Subject to two exceptions described below, an employee who wishes to pursue a claim for employment discrimination will now be required to exhaust administrative remedies by filing a charge of discrimination with the Ohio Civil Rights Commission within 2 years of the allegedly discriminatory practice. A charge can be filed against an employer, an employment agency, personnel placement service, labor organization, or a person who is allegedly liable under R.C. 4112.02(I) (retaliation) or R.C. 4112.02(J) (unlawful employment practices or aiding/abetting discrimination). The OCRC exhaustion requirement does not apply to employees who intend to pursue injunctive relief only, or to employees who timely filed a charge with both OCRC and EEOC and received a notice of right to sue from the EEOC.
The new law also reduces Ohio’s existing 6-year statute of limitations (for most employment discriminations claims) to a uniform 2-year statute. However, the 2-year statute of limitations will be tolled by OCRC’s administrative proceedings from the date the charge is filed until no more than 60 days after the charge is no longer pending with the OCRC.
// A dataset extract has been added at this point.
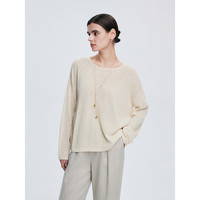 初棉空气感竹节棉麻针织罩衫女25春夏圆领宽松小衫及简松弛感 清水蓝 M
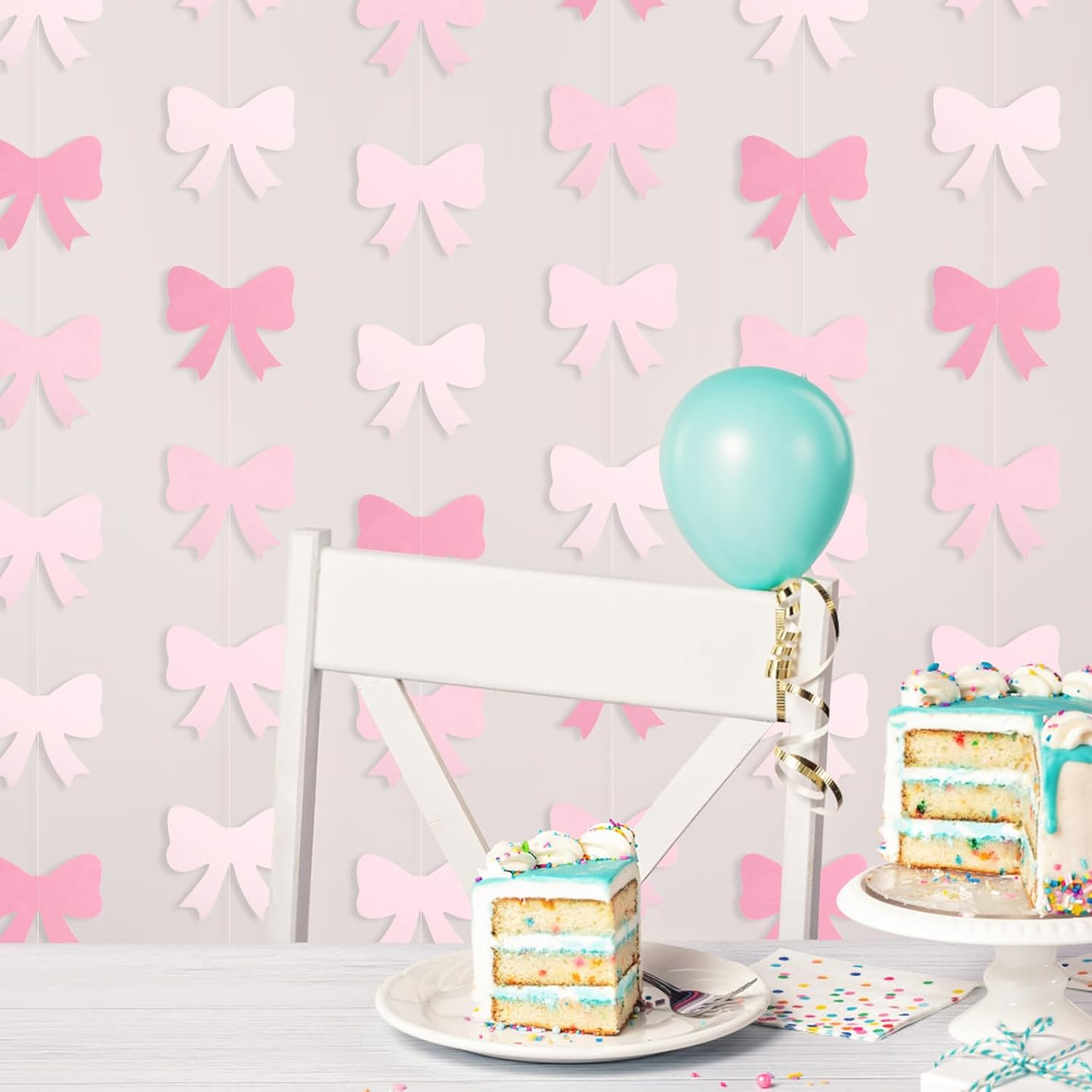 Gosknor 8Pcs Pink Paper Bow Banners, Party Decoration, Curved Shape, for Bow Theme Parties image number 1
Additions to the Ohio Civil Rights Acts include an express adoption and codification of the Faragher/Ellerth defense from federal common law. Thus, unless an employee experiences a tangible employment action, an employer may assert an affirmative defense to a hostile work environment sexual harassment claim (and apparently only a sexual harassment hostile work environment claim) by proving that: (1) the employer used reasonable care to prevent and promptly correct sexually harassing behavior; and (2) the employee unreasonably failed to take advantage of the preventive or corrective opportunities provided by the employer, or failed to otherwise avoid harm.
Importantly, the new law supersedes the Ohio Supreme Court’s decision in Genaro v. Central Transp. Co., which held that a supervisor or manager could be held personally liable for discrimination as an “employer” under Section 4112.02. The new law relieves supervisors, managers and employees from personal liability under Section 4112.02(A) through (F) unless the supervisor, manager or employee is also the employer. However, personal liability is still a risk for supervisors, managers and other persons who act outside the scope of their employment, retaliate against an employee (R.C. 4112.02(I)) or aid, abet, coerce, compel or personally engage in an unlawful discriminatory practice (R.C. 4112.02(J)).
The new law makes the act’s statutory procedures and remedies the sole and exclusive procedures and remedies for employees who allege discrimination actionable under Chapter 4112; however, other statutory and common law claims that already can be brought against employers, supervisors, managers and employees remain unaffected, including public policy torts permitted by Collins v. Rizkana.